▸ **YOUR TASK**: Make your reply a word-for-word repeat of the records.

▸ **GIVEN RECORDS**:
*** Block opens ***
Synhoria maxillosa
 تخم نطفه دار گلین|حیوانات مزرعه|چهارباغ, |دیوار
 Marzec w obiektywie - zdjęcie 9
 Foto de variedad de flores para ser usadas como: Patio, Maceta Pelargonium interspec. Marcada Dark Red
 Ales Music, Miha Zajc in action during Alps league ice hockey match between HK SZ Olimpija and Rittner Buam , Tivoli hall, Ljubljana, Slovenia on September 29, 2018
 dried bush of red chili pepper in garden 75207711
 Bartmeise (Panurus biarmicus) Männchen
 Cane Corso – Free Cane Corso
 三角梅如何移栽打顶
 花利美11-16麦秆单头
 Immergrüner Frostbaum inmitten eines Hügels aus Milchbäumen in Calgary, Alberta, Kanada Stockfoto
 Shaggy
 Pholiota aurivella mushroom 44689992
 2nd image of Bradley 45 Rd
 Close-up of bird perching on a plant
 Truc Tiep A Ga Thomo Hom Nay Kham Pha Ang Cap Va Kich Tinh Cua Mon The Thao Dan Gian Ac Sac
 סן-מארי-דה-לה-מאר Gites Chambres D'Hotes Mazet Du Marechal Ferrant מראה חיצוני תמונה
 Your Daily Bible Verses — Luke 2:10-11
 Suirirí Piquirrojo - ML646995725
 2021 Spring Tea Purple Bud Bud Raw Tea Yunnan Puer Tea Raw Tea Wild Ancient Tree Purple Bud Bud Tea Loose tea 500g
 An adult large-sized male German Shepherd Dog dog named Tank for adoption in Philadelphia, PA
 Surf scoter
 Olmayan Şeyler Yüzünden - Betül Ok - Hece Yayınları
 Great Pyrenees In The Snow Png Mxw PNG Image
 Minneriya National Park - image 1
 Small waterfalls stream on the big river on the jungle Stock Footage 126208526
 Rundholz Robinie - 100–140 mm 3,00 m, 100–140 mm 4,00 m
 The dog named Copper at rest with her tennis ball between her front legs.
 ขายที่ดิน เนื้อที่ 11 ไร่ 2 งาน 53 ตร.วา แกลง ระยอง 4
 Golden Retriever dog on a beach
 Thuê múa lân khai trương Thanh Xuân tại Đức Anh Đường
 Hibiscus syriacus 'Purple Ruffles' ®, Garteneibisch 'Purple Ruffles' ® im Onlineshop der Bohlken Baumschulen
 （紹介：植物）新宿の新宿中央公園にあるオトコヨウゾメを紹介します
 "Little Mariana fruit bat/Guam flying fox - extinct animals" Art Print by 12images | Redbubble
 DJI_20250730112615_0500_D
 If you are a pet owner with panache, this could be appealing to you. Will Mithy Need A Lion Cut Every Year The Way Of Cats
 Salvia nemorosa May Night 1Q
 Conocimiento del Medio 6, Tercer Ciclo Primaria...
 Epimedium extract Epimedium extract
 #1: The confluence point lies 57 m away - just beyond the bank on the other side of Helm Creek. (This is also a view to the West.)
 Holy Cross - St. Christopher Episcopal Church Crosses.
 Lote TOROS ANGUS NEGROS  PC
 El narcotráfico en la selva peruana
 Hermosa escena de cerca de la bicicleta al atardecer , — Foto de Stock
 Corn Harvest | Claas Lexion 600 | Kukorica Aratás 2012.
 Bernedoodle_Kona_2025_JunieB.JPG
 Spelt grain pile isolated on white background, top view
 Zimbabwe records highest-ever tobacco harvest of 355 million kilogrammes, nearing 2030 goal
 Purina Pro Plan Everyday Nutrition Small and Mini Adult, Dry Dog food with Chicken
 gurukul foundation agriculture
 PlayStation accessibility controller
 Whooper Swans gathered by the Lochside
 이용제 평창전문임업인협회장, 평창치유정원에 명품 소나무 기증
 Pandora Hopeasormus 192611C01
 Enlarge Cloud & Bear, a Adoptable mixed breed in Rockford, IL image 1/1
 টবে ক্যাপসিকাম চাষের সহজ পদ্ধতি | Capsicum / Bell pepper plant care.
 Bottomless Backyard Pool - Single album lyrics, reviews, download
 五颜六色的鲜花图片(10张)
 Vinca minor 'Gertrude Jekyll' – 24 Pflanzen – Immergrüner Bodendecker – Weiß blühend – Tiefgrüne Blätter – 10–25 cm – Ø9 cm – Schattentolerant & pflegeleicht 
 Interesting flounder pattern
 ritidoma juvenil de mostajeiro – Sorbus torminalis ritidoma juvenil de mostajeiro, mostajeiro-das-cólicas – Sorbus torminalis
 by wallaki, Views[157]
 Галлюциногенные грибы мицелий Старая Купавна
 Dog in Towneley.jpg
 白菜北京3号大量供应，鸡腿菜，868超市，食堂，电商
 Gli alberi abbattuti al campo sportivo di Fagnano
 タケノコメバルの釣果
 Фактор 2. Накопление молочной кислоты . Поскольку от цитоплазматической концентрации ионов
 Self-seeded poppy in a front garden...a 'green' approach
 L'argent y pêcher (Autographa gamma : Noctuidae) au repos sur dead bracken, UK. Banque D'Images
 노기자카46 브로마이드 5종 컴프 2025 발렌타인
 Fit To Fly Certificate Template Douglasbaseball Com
*** Block closes ***
▸ **EXERCISE RESPONSE**:
Synhoria maxillosa
 تخم نطفه دار گلین|حیوانات مزرعه|چهارباغ, |دیوار
 Marzec w obiektywie - zdjęcie 9
 Foto de variedad de flores para ser usadas como: Patio, Maceta Pelargonium interspec. Marcada Dark Red
 Ales Music, Miha Zajc in action during Alps league ice hockey match between HK SZ Olimpija and Rittner Buam , Tivoli hall, Ljubljana, Slovenia on September 29, 2018
 dried bush of red chili pepper in garden 75207711
 Bartmeise (Panurus biarmicus) Männchen
 Cane Corso – Free Cane Corso
 三角梅如何移栽打顶
 花利美11-16麦秆单头
 Immergrüner Frostbaum inmitten eines Hügels aus Milchbäumen in Calgary, Alberta, Kanada Stockfoto
 Shaggy
 Pholiota aurivella mushroom 44689992
 2nd image of Bradley 45 Rd
 Close-up of bird perching on a plant
 Truc Tiep A Ga Thomo Hom Nay Kham Pha Ang Cap Va Kich Tinh Cua Mon The Thao Dan Gian Ac Sac
 סן-מארי-דה-לה-מאר Gites Chambres D'Hotes Mazet Du Marechal Ferrant מראה חיצוני תמונה
 Your Daily Bible Verses — Luke 2:10-11
 Suirirí Piquirrojo - ML646995725
 2021 Spring Tea Purple Bud Bud Raw Tea Yunnan Puer Tea Raw Tea Wild Ancient Tree Purple Bud Bud Tea Loose tea 500g
 An adult large-sized male German Shepherd Dog dog named Tank for adoption in Philadelphia, PA
 Surf scoter
 Olmayan Şeyler Yüzünden - Betül Ok - Hece Yayınları
 Great Pyrenees In The Snow Png Mxw PNG Image
 Minneriya National Park - image 1
 Small waterfalls stream on the big river on the jungle Stock Footage 126208526
 Rundholz Robinie - 100–140 mm 3,00 m, 100–140 mm 4,00 m
 The dog named Copper at rest with her tennis ball between her front legs.
 ขายที่ดิน เนื้อที่ 11 ไร่ 2 งาน 53 ตร.วา แกลง ระยอง 4
 Golden Retriever dog on a beach
 Thuê múa lân khai trương Thanh Xuân tại Đức Anh Đường
 Hibiscus syriacus 'Purple Ruffles' ®, Garteneibisch 'Purple Ruffles' ® im Onlineshop der Bohlken Baumschulen
 （紹介：植物）新宿の新宿中央公園にあるオトコヨウゾメを紹介します
 "Little Mariana fruit bat/Guam flying fox - extinct animals" Art Print by 12images | Redbubble
 DJI_20250730112615_0500_D
 If you are a pet owner with panache, this could be appealing to you. Will Mithy Need A Lion Cut Every Year The Way Of Cats
 Salvia nemorosa May Night 1Q
 Conocimiento del Medio 6, Tercer Ciclo Primaria...
 Epimedium extract Epimedium extract
 #1: The confluence point lies 57 m away - just beyond the bank on the other side of Helm Creek. (This is also a view to the West.)
 Holy Cross - St. Christopher Episcopal Church Crosses.
 Lote TOROS ANGUS NEGROS  PC
 El narcotráfico en la selva peruana
 Hermosa escena de cerca de la bicicleta al atardecer , — Foto de Stock
 Corn Harvest | Claas Lexion 600 | Kukorica Aratás 2012.
 Bernedoodle_Kona_2025_JunieB.JPG
 Spelt grain pile isolated on white background, top view
 Zimbabwe records highest-ever tobacco harvest of 355 million kilogrammes, nearing 2030 goal
 Purina Pro Plan Everyday Nutrition Small and Mini Adult, Dry Dog food with Chicken
 gurukul foundation agriculture
 PlayStation accessibility controller
 Whooper Swans gathered by the Lochside
 이용제 평창전문임업인협회장, 평창치유정원에 명품 소나무 기증
 Pandora Hopeasormus 192611C01
 Enlarge Cloud & Bear, a Adoptable mixed breed in Rockford, IL image 1/1
 টবে ক্যাপসিকাম চাষের সহজ পদ্ধতি | Capsicum / Bell pepper plant care.
 Bottomless Backyard Pool - Single album lyrics, reviews, download
 五颜六色的鲜花图片(10张)
 Vinca minor 'Gertrude Jekyll' – 24 Pflanzen – Immergrüner Bodendecker – Weiß blühend – Tiefgrüne Blätter – 10–25 cm – Ø9 cm – Schattentolerant & pflegeleicht 
 Interesting flounder pattern
 ritidoma juvenil de mostajeiro – Sorbus torminalis ritidoma juvenil de mostajeiro, mostajeiro-das-cólicas – Sorbus torminalis
 by wallaki, Views[157]
 Галлюциногенные грибы мицелий Старая Купавна
 Dog in Towneley.jpg
 白菜北京3号大量供应，鸡腿菜，868超市，食堂，电商
 Gli alberi abbattuti al campo sportivo di Fagnano
 タケノコメバルの釣果
 Фактор 2. Накопление молочной кислоты . Поскольку от цитоплазматической концентрации ионов
 Self-seeded poppy in a front garden...a 'green' approach
 L'argent y pêcher (Autographa gamma : Noctuidae) au repos sur dead bracken, UK. Banque D'Images
 노기자카46 브로마이드 5종 컴프 2025 발렌타인
 Fit To Fly Certificate Template Douglasbaseball Com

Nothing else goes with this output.